Usually I can find a million things to write about it here. Most of the time I'm having adventures without even realizing I am until I get home and go "woah! can you believe what happened today?!" all in lower case too - shocking. Anyways, what I'm trying to say is - although I am incredibly happy with my life at the moment (seattle, boyfriend, friends, family, lifestyle, you name it), there is one little thing that is really driving me nuts - I never DO anything INTERESTING.
Things I could write about (things I've actually CONSIDERED writing about):
- How my portable closet kept collapsing and spilling my clothes everywhere and so I finally bought a new one from target and it's currently sitting in the hallway still in the box waiting for me to put it together.
- My freelance editing life.
- Being tired.
- Old People and how sometimes when they come into work and they are really sick or just really old and feeble i have a hard time (literally) not bursting into tears right there at the counter while they order their danish because what I'm looking at? Is death. Right in the face. And it really gets me.

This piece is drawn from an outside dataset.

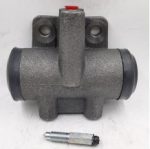 اسطوانة فرامل خلفية أصلية لسيارات Nissan Patrol موديل 1998–2004 بجودة عالية وأداء موثوق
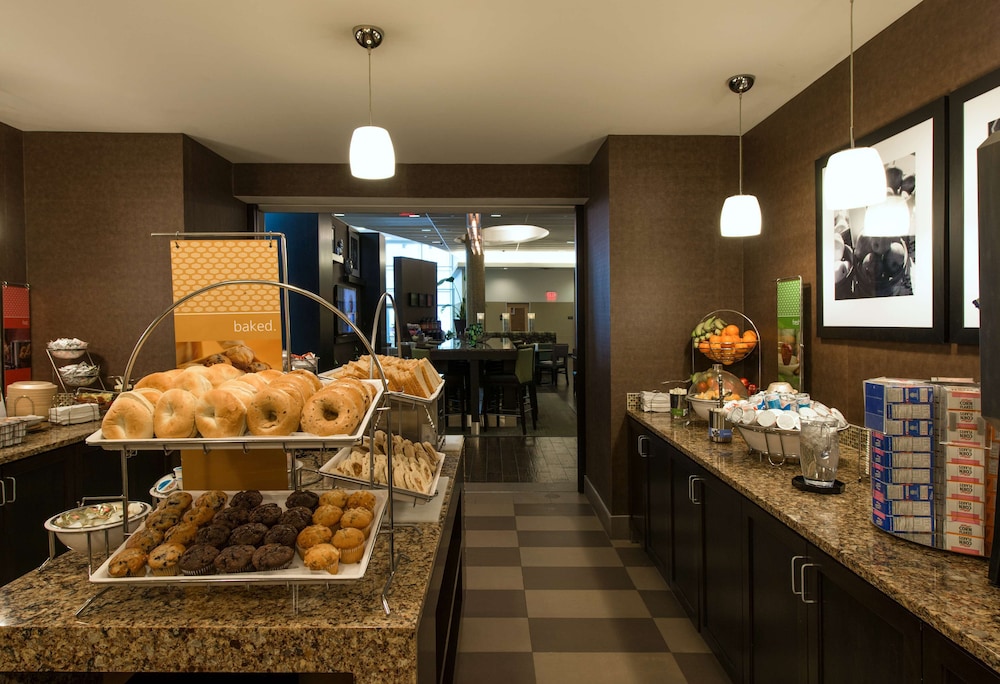 Hampton Inn & Suites Boston Crosstown Center - photo 48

I like a good routine. I like knowing when I'm going to work and when I can have my days off and when I can schedule doing laundry and going running. But what happened to the fun stuff? Everyone just sits in their routines and the best they can come up with is TV night on Wednesdays and the occasional happy hour. I thought moving back to seattle would give me a little social diversity since I know so many people and they all can't be busy and boring at the same time, right? Except they kind of are, or they just don't want to play with me. And I'm right there with them. Because what can I write about? Old People. Right.
Anyways. So generally speaking, I can usually turn any situation into something interesting to talk about. But right now, I can't. So instead I'm going to try to drum up some adventure. Somewhere. Hello? Are you out there? So that all my readers don't fall off the face of the earth and at the same time I don't bore anyone to death. New goal: Don't bore people.